### [Available data]
------------------------------------

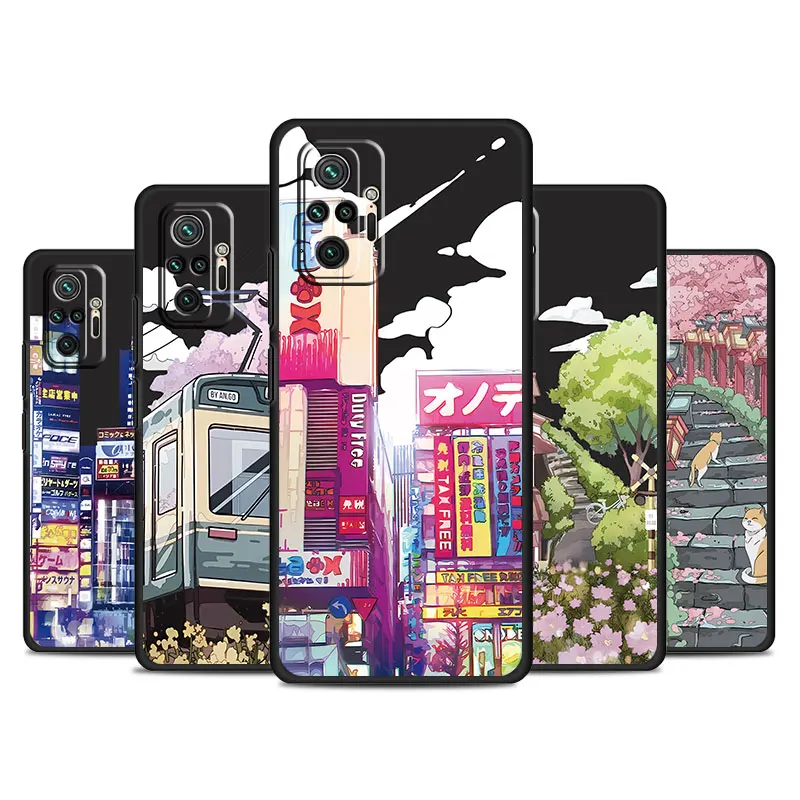 Japan Bustling Urban Cities phone Cases for Xiaomi Redmi Note 9 13 case 11S 13C 10 5G 12 Pro 12S 12C 7 fundas Antiscratch cover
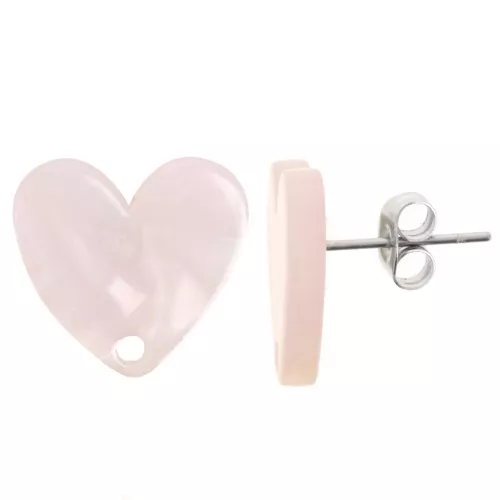 Orecchini perno cuore in acetato 14x15,5 mm - Perla rosa chiaro x2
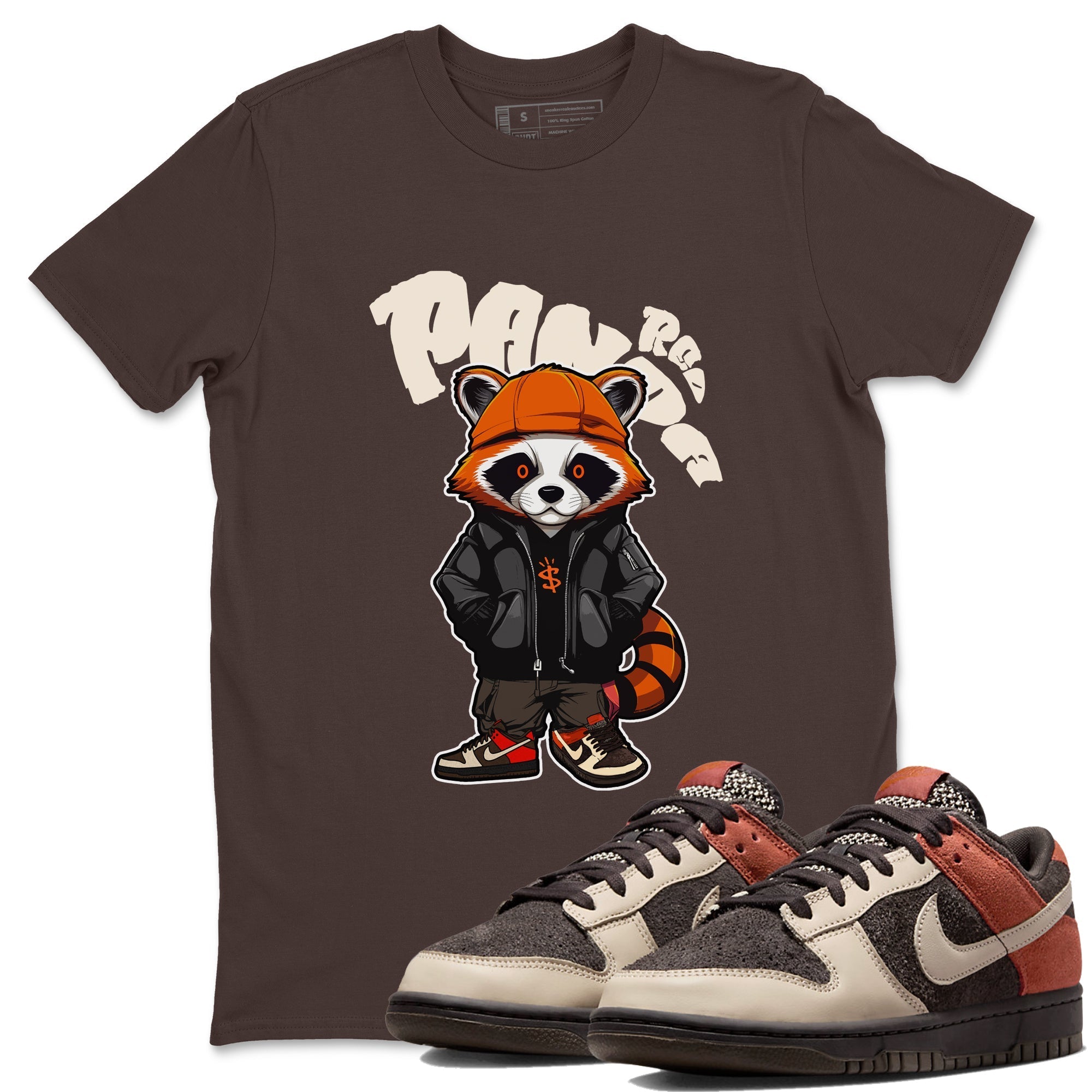 Dunk Red Panda shirt to match jordans Bastard Red Panda sneaker tees Nike Dunk LowRed Panda Drip Gear Zone Sneaker T-Shirts Crew Neck Casual Fit Dark Chocolate 1 T-Shirt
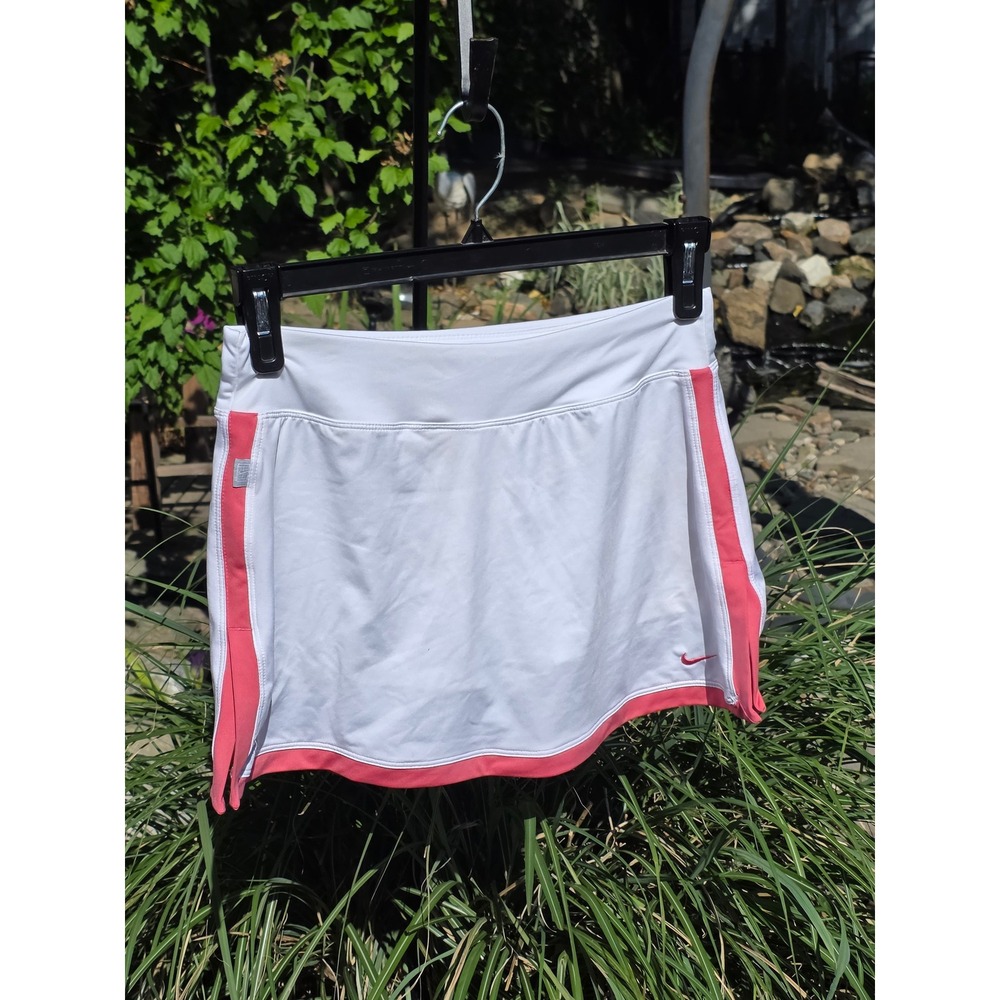 Nike Court Dri-FIT Tennis Skort White Pink‎ Trim Athletic Skirt Womens Medium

------------------------------------

### [What you are asked to do]
Return every line above exactly, omitting images.

### [Response to the exercise]
 Japan Bustling Urban Cities phone Cases for Xiaomi Redmi Note 9 13 case 11S 13C 10 5G 12 Pro 12S 12C 7 fundas Antiscratch cover
 Orecchini perno cuore in acetato 14x15,5 mm - Perla rosa chiaro x2
 Dunk Red Panda shirt to match jordans Bastard Red Panda sneaker tees Nike Dunk LowRed Panda Drip Gear Zone Sneaker T-Shirts Crew Neck Casual Fit Dark Chocolate 1 T-Shirt
 Nike Court Dri-FIT Tennis Skort White Pink‎ Trim Athletic Skirt Womens Medium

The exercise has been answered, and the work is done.